◆ Task instructions:
Through the last line of the material below, starting at the line with "미샤 트렌치 코트 블랙", return every line exactly and only those.

#####

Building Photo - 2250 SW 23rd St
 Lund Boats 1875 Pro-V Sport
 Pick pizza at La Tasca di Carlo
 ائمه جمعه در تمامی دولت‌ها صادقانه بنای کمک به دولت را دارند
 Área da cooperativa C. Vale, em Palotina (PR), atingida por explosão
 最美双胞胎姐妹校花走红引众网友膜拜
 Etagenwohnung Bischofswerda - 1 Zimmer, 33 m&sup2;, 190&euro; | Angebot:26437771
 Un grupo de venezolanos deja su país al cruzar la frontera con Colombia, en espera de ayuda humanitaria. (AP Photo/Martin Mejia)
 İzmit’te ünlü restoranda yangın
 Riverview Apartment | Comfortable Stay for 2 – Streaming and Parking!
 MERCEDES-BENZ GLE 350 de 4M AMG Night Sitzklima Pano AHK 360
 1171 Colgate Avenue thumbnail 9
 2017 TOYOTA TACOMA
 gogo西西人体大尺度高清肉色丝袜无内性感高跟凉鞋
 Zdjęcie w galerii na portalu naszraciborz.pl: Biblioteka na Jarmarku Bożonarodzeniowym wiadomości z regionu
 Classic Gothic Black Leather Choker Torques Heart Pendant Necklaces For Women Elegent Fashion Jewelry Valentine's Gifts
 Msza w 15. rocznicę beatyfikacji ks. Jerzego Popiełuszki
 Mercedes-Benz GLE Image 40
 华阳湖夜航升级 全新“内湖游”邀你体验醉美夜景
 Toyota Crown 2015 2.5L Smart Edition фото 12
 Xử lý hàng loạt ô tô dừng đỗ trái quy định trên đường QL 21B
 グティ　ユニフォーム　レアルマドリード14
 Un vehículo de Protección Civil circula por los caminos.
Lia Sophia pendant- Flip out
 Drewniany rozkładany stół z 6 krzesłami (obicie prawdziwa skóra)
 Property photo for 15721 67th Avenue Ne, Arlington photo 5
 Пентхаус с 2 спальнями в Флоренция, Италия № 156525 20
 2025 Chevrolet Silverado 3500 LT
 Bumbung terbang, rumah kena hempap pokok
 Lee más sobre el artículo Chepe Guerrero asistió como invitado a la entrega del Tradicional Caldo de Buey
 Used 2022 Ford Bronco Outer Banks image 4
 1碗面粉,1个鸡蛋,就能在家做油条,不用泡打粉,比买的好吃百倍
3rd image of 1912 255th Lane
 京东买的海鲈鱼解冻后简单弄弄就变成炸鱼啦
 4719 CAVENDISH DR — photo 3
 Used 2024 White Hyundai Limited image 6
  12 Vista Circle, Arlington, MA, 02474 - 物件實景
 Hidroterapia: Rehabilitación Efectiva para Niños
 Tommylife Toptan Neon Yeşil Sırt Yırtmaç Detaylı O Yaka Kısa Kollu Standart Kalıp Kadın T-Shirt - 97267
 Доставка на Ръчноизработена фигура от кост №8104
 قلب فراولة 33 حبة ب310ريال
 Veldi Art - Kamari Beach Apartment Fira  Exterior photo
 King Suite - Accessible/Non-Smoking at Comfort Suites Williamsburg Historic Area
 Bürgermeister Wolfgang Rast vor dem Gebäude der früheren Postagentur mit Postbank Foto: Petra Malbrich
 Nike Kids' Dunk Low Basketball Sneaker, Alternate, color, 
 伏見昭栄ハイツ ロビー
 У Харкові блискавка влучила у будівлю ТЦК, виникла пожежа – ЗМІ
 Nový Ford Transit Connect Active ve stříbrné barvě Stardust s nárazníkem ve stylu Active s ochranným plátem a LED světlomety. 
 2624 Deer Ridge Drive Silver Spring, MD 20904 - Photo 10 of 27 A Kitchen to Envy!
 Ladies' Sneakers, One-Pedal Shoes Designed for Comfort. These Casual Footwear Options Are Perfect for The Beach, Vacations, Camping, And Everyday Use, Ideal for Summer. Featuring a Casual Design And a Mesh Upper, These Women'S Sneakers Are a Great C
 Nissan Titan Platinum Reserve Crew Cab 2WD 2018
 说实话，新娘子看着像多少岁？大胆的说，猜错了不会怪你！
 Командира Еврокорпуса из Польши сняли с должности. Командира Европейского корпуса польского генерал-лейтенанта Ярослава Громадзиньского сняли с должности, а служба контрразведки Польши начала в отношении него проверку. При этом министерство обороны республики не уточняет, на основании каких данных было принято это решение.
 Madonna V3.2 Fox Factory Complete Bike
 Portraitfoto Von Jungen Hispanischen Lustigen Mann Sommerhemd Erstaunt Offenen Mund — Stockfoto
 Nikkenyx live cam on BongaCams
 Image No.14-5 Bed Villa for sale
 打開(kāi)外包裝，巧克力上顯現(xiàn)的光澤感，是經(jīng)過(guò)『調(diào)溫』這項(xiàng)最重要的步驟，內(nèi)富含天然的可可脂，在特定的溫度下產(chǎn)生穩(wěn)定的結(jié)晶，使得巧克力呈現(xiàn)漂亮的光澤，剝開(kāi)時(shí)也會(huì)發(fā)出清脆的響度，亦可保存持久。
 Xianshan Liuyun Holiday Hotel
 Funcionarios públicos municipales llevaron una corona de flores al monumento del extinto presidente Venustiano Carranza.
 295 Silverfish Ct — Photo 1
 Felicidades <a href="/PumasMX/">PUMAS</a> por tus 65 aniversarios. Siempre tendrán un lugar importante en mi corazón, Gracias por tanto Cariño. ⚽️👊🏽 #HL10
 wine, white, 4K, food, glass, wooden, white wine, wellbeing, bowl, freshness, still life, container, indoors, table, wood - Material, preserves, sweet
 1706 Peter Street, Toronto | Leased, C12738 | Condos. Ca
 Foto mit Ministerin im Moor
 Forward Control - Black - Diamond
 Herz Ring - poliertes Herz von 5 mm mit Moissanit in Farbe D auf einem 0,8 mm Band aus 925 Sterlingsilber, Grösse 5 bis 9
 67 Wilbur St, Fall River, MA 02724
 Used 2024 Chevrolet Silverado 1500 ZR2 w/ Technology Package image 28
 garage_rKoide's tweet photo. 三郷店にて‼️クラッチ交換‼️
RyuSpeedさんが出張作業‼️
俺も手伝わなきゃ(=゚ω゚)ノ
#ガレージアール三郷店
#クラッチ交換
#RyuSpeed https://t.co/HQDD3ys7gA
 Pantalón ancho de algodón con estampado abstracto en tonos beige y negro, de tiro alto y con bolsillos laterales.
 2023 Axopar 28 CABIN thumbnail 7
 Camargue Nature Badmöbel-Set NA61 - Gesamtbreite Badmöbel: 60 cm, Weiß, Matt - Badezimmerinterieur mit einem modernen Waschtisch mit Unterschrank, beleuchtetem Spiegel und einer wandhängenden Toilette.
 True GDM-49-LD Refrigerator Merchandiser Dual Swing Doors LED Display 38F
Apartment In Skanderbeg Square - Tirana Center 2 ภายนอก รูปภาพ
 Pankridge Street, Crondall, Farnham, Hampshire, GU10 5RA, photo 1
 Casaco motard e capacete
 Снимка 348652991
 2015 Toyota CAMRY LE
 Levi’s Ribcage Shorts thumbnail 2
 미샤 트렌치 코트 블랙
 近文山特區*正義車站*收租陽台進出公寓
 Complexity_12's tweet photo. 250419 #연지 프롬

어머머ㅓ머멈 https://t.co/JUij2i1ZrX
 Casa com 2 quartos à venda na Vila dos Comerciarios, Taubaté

#####

◆ Answer to the exercise:
 미샤 트렌치 코트 블랙
 近文山特區*正義車站*收租陽台進出公寓
 Complexity_12's tweet photo. 250419 #연지 프롬

어머머ㅓ머멈 https://t.co/JUij2i1ZrX
 Casa com 2 quartos à venda na Vila dos Comerciarios, Taubaté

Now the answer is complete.